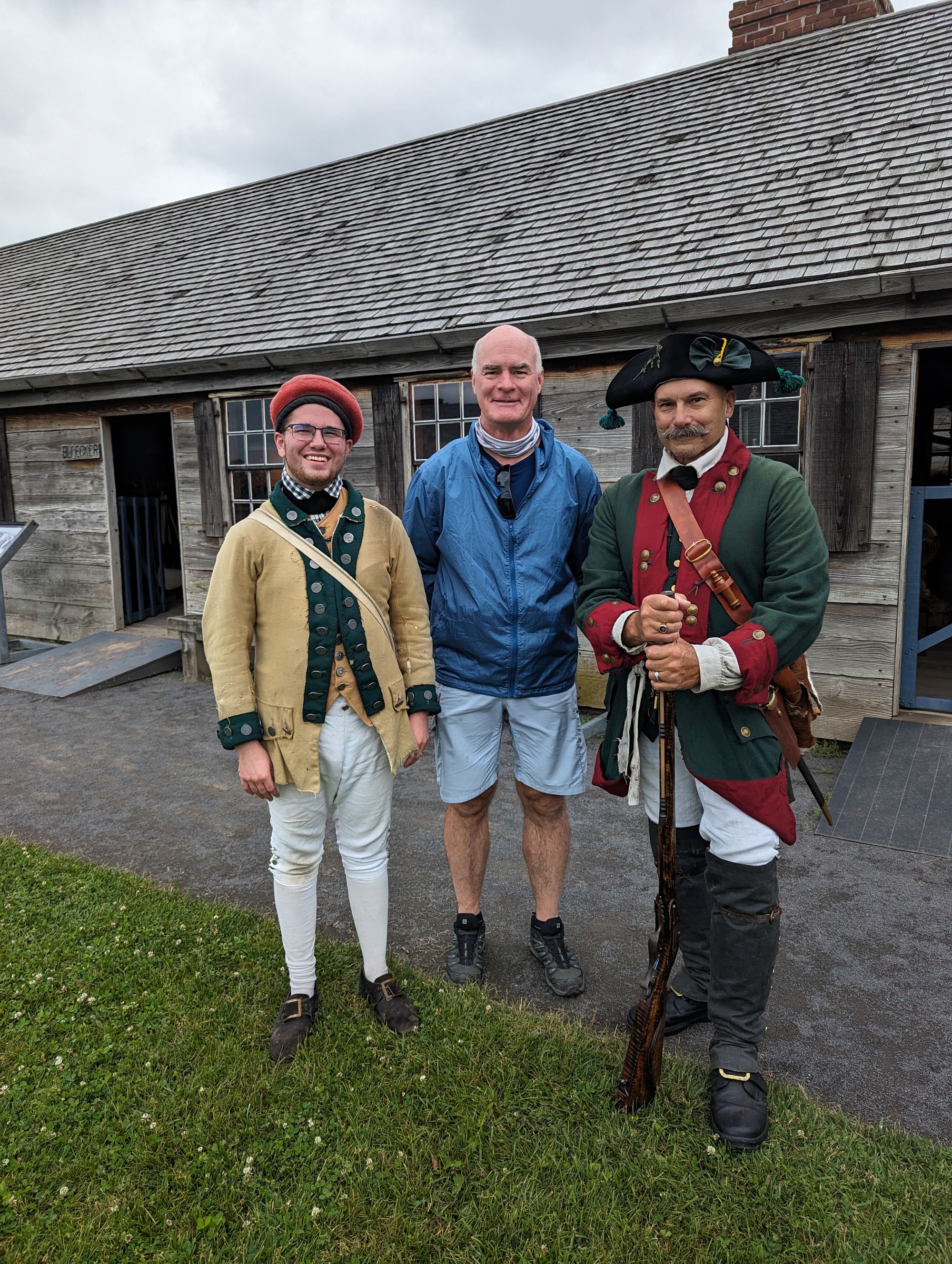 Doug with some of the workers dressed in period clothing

==

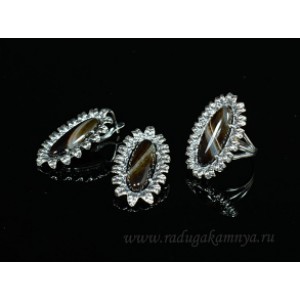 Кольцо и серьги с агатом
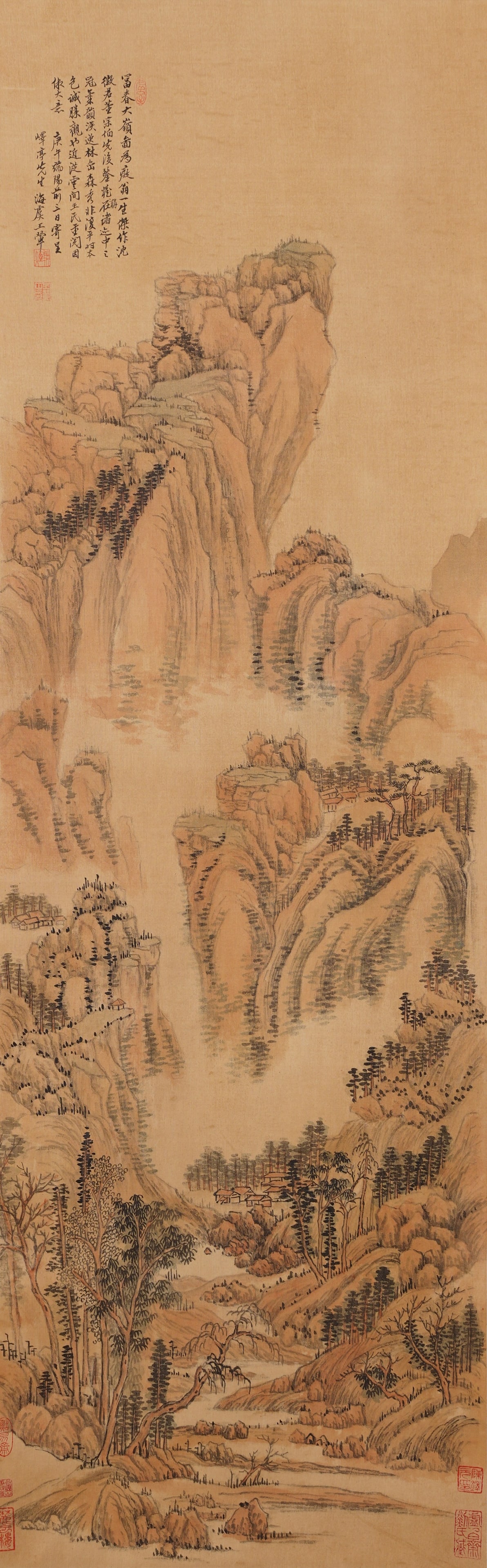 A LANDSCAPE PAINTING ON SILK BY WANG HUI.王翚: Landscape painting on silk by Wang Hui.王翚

Exercise directions: Write out the lines above from the one with "Кольцо и серьги с агатом" through the one with "A LANDSCAPE PAINTING", ends included, exactly; no picture goes in.

Written solution:
 Кольцо и серьги с агатом
 A LANDSCAPE PAINTING ON SILK BY WANG HUI.王翚: Landscape painting on silk by Wang Hui.王翚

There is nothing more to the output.